___ Records to use ___
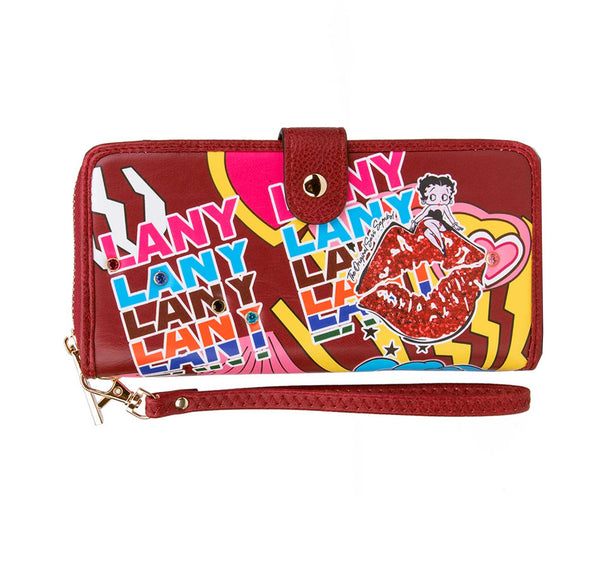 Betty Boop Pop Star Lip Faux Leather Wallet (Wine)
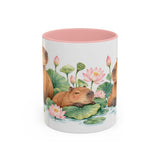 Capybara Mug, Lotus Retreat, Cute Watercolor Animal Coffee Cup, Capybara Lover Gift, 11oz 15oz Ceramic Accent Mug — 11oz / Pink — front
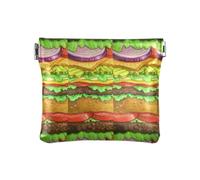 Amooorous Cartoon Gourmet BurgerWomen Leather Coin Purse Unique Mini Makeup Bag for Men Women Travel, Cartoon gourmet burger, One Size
___
___ Records to use ___
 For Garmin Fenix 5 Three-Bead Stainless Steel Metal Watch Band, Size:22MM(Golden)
___
Give again, exactly as written above, each line from the one that has "Betty Boop Pop" to the one that has "Amooorous Cartoon Gourmet", both included; omit the pictures.

▶ [Answer to this exercise]:
 Betty Boop Pop Star Lip Faux Leather Wallet (Wine)
 Capybara Mug, Lotus Retreat, Cute Watercolor Animal Coffee Cup, Capybara Lover Gift, 11oz 15oz Ceramic Accent Mug — 11oz / Pink — front
 Amooorous Cartoon Gourmet BurgerWomen Leather Coin Purse Unique Mini Makeup Bag for Men Women Travel, Cartoon gourmet burger, One Size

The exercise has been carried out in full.